## Given entries:
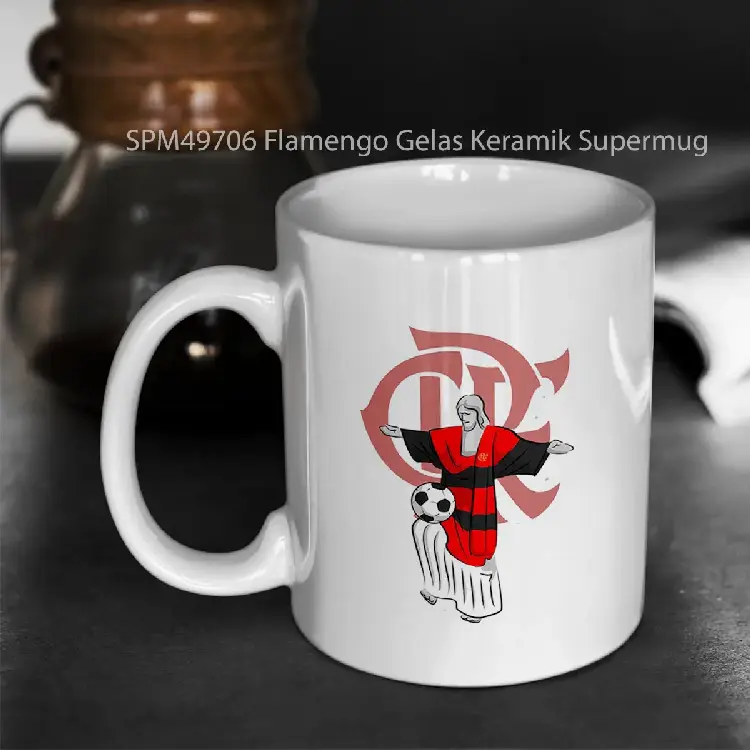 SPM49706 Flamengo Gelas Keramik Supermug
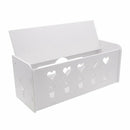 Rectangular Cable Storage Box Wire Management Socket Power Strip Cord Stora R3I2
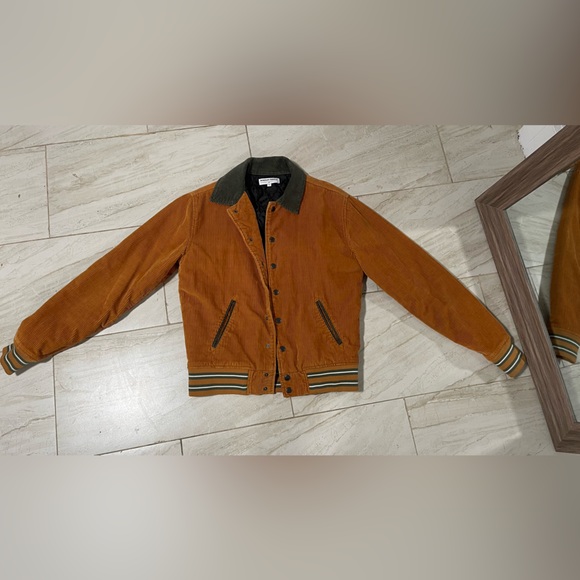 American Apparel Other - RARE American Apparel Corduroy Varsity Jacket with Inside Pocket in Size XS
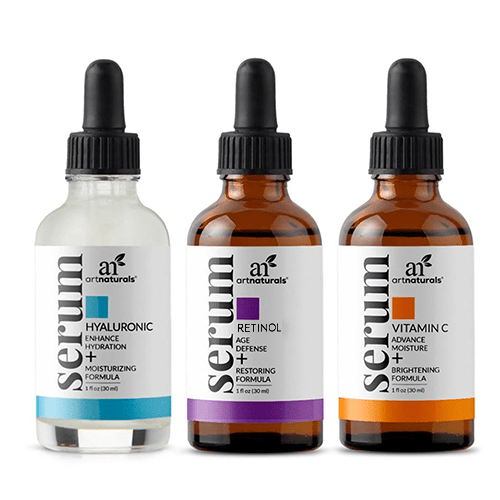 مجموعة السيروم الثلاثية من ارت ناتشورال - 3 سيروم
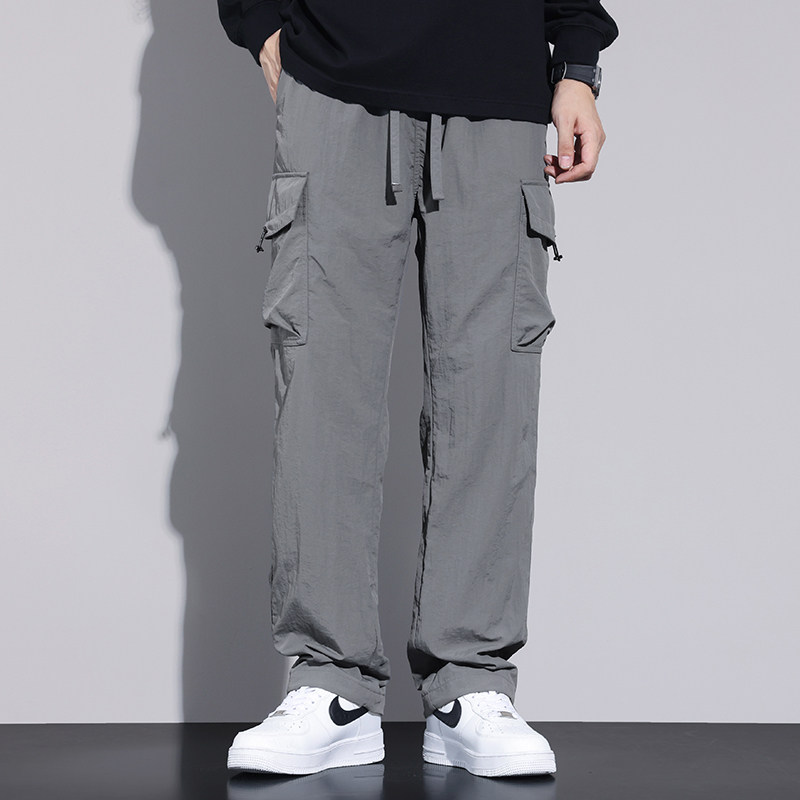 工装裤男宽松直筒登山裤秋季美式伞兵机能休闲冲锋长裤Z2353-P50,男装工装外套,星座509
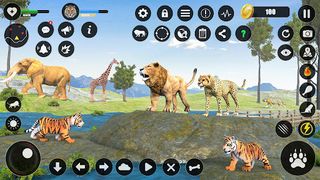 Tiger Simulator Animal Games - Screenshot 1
==
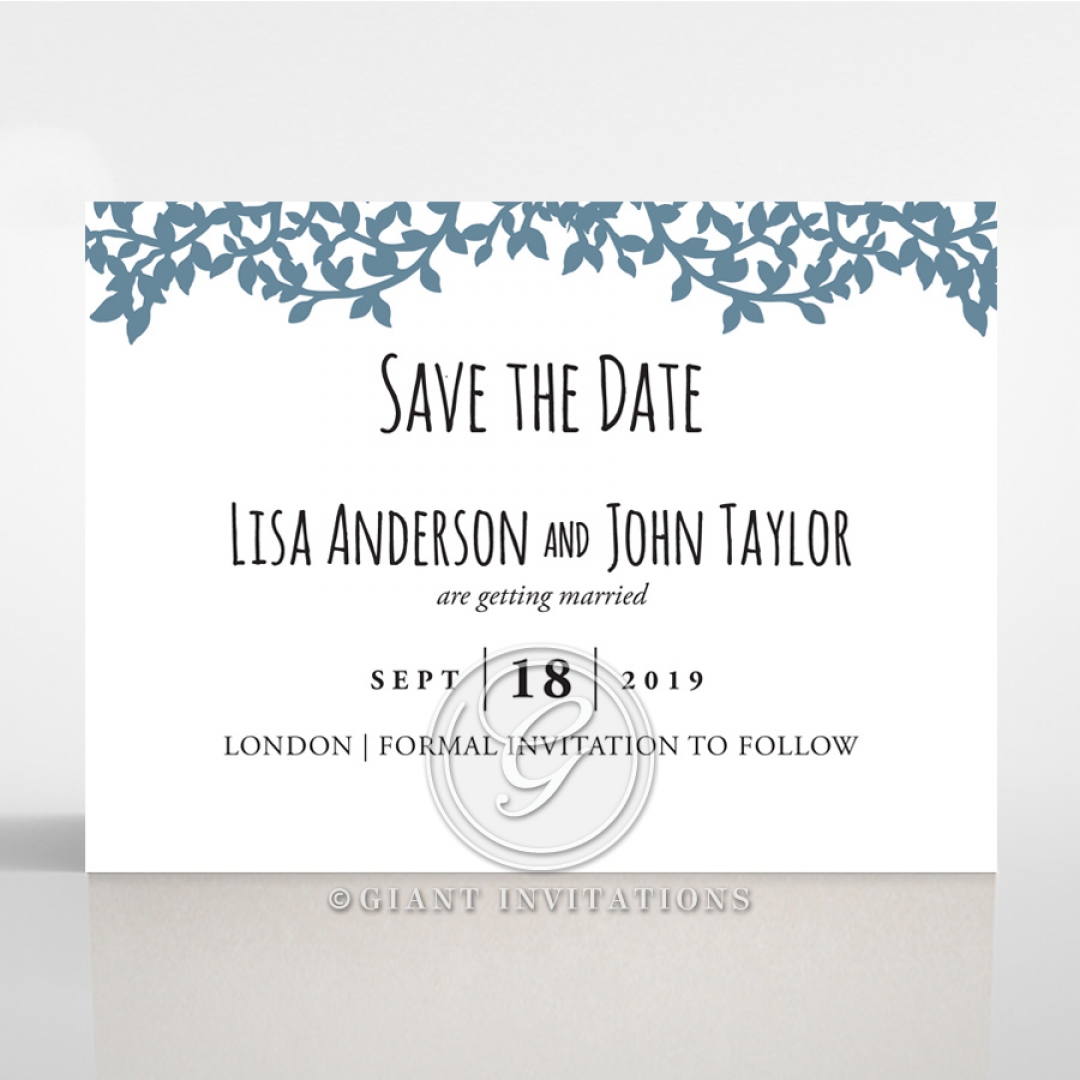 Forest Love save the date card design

## What to do:
Each line from the one that contains "工装裤男宽松直筒登山裤秋季美" down to the one that contains "Tiger Simulator Animal Games - Screenshot 1" is to be returned exactly as it stands above, both ends included, with pictures removed.

## Answer for this exercise:
 工装裤男宽松直筒登山裤秋季美式伞兵机能休闲冲锋长裤Z2353-P50,男装工装外套,星座509
 Tiger Simulator Animal Games - Screenshot 1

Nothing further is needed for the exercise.